Said bathroom is about 10 miles from the photo studio and past every Christmas item you could possibly imagine, including a creepy animatronic Santa that laughs and sings at us long after we pass him. I can still feel his eyes on the back of my head, yikes! We finally reach the bathroom, sans changing table, of course. I peel off Super Toddler's sodden clothes and attempt to change him in the corner (on a portable mat I have for such occasions, having learned my lesson during a particularly disgusting bathroom in Indiana). Anyway, we are down to his diaper when a especially festive song comes over the intercom and Super Toddler gets the urge to dance. Well, who am I to stand in the way of art? He Michael-Flatleys himself over to the sinks and back, and then for some unknown reason, the bathroom is invaded by every other Sears patron. I don't know if someone told them we were giving out cookies or free animatronic Santas in here or what, but suddenly it is very crowded, blocking my view of Super Toddler's big finish. His twirls are impressive but I have a feeling that isn't why these ladies are staring at him. I race over and gather him up, hurry back to our corner, and change him as fast as humanly possible. All this changing has resulted in his hair standing straight up, so I go digging for the comb that I am sure I packed before we left the house. You all know how that search goes, so I won't bore you. It ends with me leaning Super Toddler over the sink and patting his head with water, trying in vain to tame his alfalfa. When this doesn't work, I do what moms all over creation do, after plenty of pre-child swearing that they will never, ever do this. I lick my hand and plaster his errant cowlick to his skull, causing gasps of horror or nods of understanding from the audience of women watching me, depending on age and parental status.

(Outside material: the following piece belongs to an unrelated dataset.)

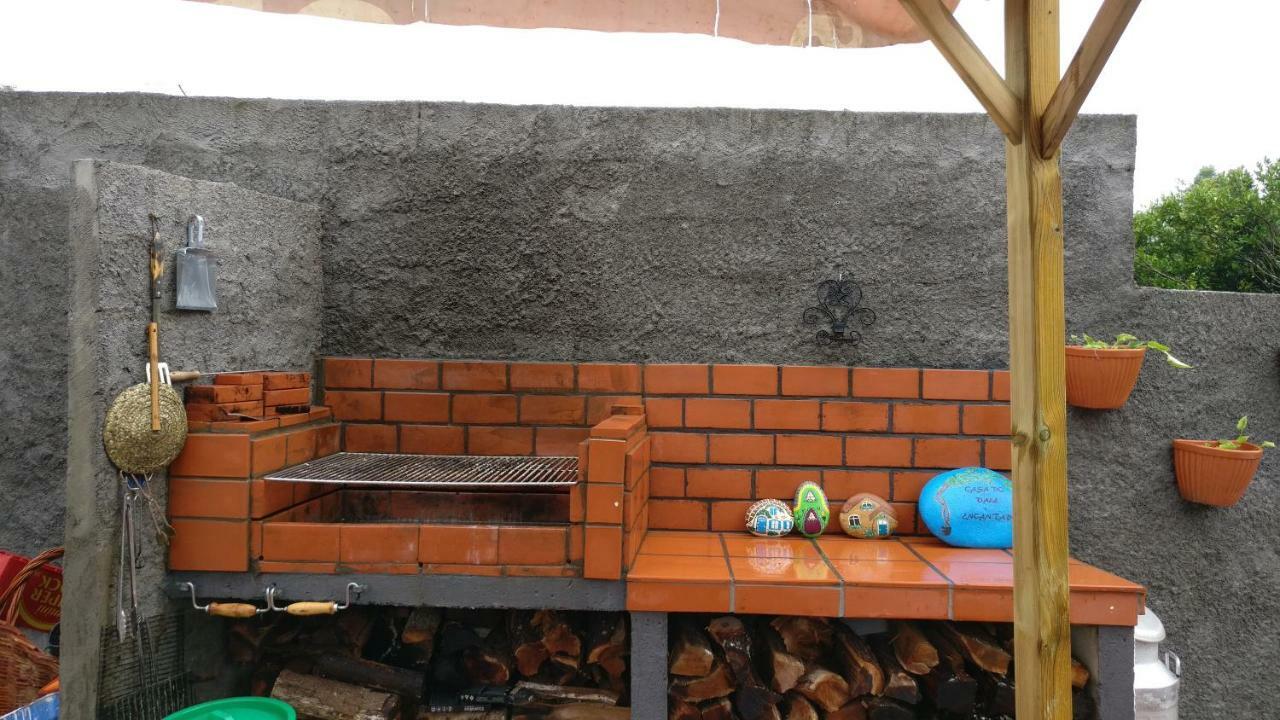 פורנס Casa Do Vale Encantado מראה חיצוני תמונה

We return to the photo studio to find Super Baby chewing on a block and Awkward Dad discussing the finer points of gaming with a tween boy playing a hand held video game. While Awkward Dad and this boy discuss the best names for monster trucks and Super Toddler heads straight for some girls in festive velvet dresses, I grab Super Baby and change him right there in the waiting room because we are no longer early for our appointment. We are called back soon after that and I have to drag both Awkward Dad and Super Toddler away from their new friends. Awkward Dad comes willingly, more or less, but Super Toddler hangs on to his friends, "the princesses," for dear life and has to be bodily carried into the photo room. Resulting in this:
The unwillingness to cooperate continues and this and this quickly follow:
Of course, those are followed by these:
We give up on the joint photo at this point and pick the last one, even though it looks like a strange and terrifying mug shot from the turn of the century. Whatever, they are clean and both looking at the camera, and sometimes that is all you get.

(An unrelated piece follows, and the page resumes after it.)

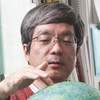 須藤 靖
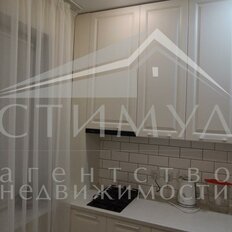 Квартира 37 м², 1-комнатная - изображение 1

We decide to focus on Super Toddler, who is much more interested in focusing on the waiting area princesses. To distract him for the royals, we petition for a large letter or number, knowing Super Toddler's partiality to over-sized anything. We settle on a huge 3, since he is now closer to 3 than 2. (Can you believe it?!) The number turns out to be a mixed blessing. It definitely distracts him from the princesses, but now he is so enamored with the number, that he won't look at the camera. To combat this, our expert photographer (who was about 16...maybe) tells Super Toddler to lie down in front of the number. Moving temptation out of direct eyesight and resulting in this:
Good enough! We free Super Toddler to cavort with velvet clad princesses, and we turn our attention to Super Baby. Now, bear in mind that Super Baby has turned mobile since our last experience with professional pictures. I won't bore you guys with it, but the next 10 minutes look a lot like this:
Oh boy. OK, eventually, after much pleading, dancing, and super human patience on the part of the photographer, we get this:
Pretty much worth the whole rotten day, right? Of course, the cherubic red cheeks are due to his illness and he completely blew out his diaper right after this picture. But we can just keep that between us, right? No need to ruin my mother-in-law's Christmas gift with the back story, eh? Thanks, guys!

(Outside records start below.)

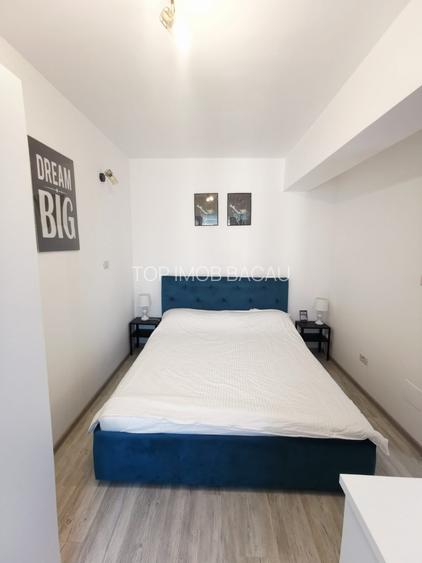 2 camere tip studio, loc de parcare, boxa, mobilat si utilat, Mall - 5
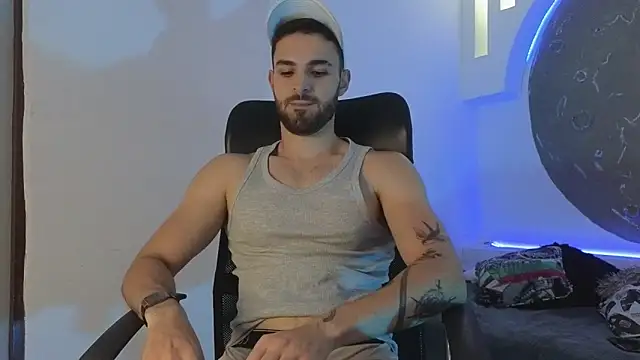 Apolo lux1 online show from 02.04.26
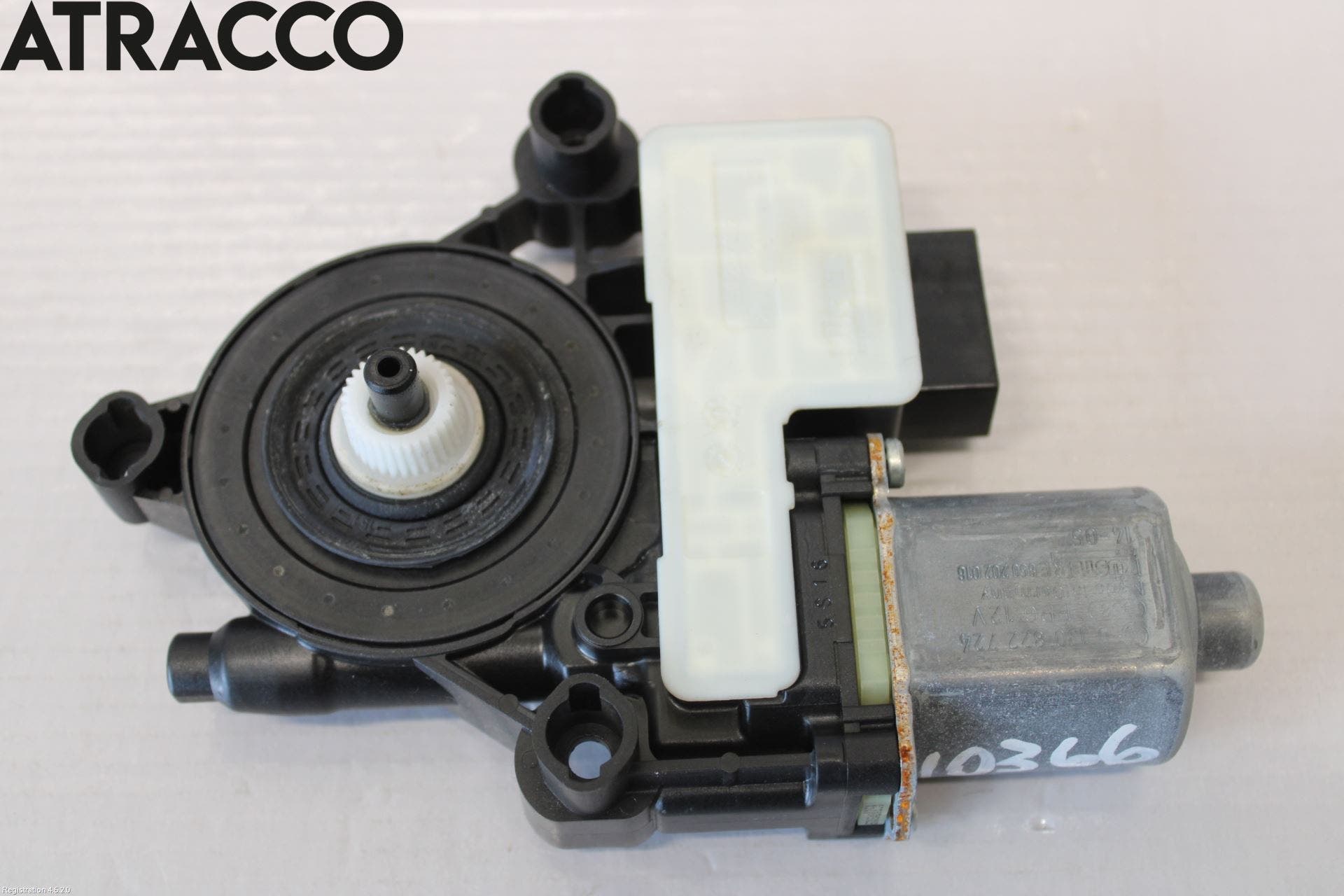 Skoda OCTAVIA (5E) 13-20 Vindusheismotor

Readers, seriously, it was the vilest thing ever, resulting in nearly a complete package of wipes and the evacuation of the changing-table-less bathroom. Probably serves Awkward Mom right for dragging her poor sick baby out just to feed her unexplainable need for professional photos. However, we will respect her wishes and just enjoy these glorious pictures of the Super Boys. Merry Christmas all!